Sur le papier, cette architecture donne des gages à ceux qui redoutaient un simulacre de concertation. Dans les faits, elle ne suffit pas à dissiper les doutes. La CENCO et l’ECC, pourtant à l’origine du déblocage de juillet, formulent elles-mêmes des réserves sur le format proposé, tout en poursuivant, en parallèle, leurs propres consultations avec l’opposition. Elles se disent même ouvertes à dialoguer avec l’AFC/M23 et avec Joseph Kabila — une porte que le pouvoir, de son côté, entend fermement garder close.
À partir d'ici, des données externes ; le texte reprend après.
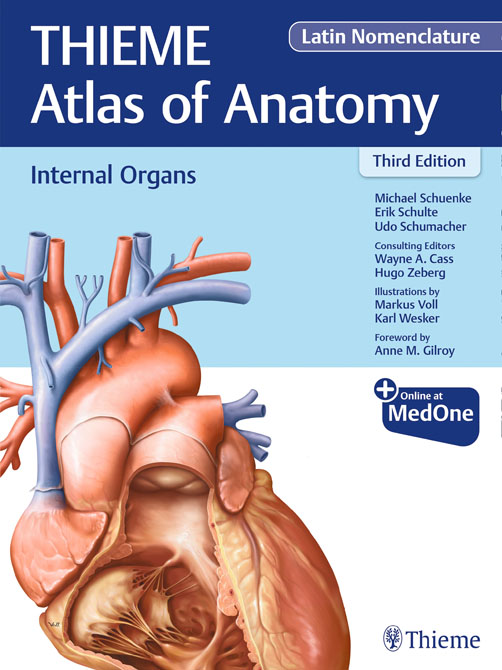 Internal Organs (Thieme Atlas of Anatomy)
Cette prudence des Églises n’est pas anodine : elle place la médiation religieuse dans une position d’équilibriste, coincée entre un pouvoir qui veut garder la main sur le calendrier et un camp de l’opposition qui, lui, réclame un format bien plus ouvert. Une commission mixte interconfessionnelle a d’ailleurs été mise en place pour tenter de dessiner une feuille de route qui satisfasse un minimum les deux camps.
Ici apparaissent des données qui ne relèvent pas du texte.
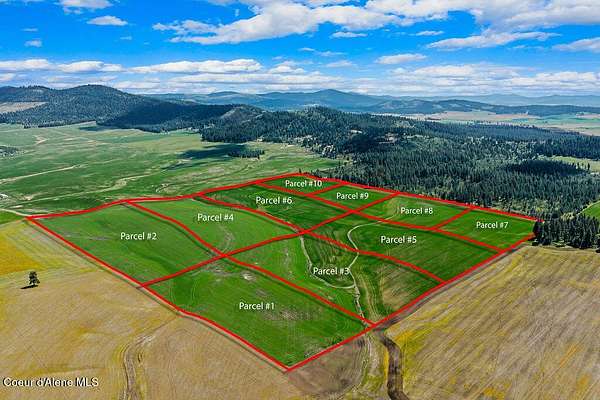 160 Acres of Land for Sale in Plummer, Idaho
Côté C64, l’attente devient méfiance. La coalition a accepté le report de sa mobilisation contre la promesse d’une convocation formelle du dialogue avant le 15 août. L’échéance passée sans qu’aucune ordonnance présidentielle ne soit publiée, elle a acté la reprise de ses actions de terrain et fixé rendez-vous pour une nouvelle marche nationale le 15 septembre — signe que la patience de l’opposition, déjà entamée en juillet, a désormais atteint sa limite.

Les lignes rouges qui bloquent tout

Au-delà des questions de calendrier, c’est sur le fond que les positions restent, à ce stade, difficilement conciliables. Le pouvoir a fixé, par la voix de son porte-parole Patrick Muyaya, des limites précises : le dialogue doit se tenir sur le sol national, sous la conduite des institutions de la République, dans le respect de la Constitution en vigueur. Il ne saurait remettre en cause ni les institutions issues du suffrage universel, ni les décisions de justice déjà rendues — une allusion directe aux condamnations visant Joseph Kabila et Corneille Nangaa.

Plus frontal encore : le pouvoir entend exclure de ce dialogue quiconque se « range du côté du Rwanda », présentant l’exercice non pas comme une négociation de paix — celle-ci relevant, selon Kinshasa, exclusivement des processus de Washington et de Doha — mais comme la construction d’un front intérieur, d’un bloc national uni face à ce qu’il qualifie d’agression rwandaise. Aucune concession n’est envisagée sur la souveraineté, l’intégrité territoriale ou les ressources naturelles du pays.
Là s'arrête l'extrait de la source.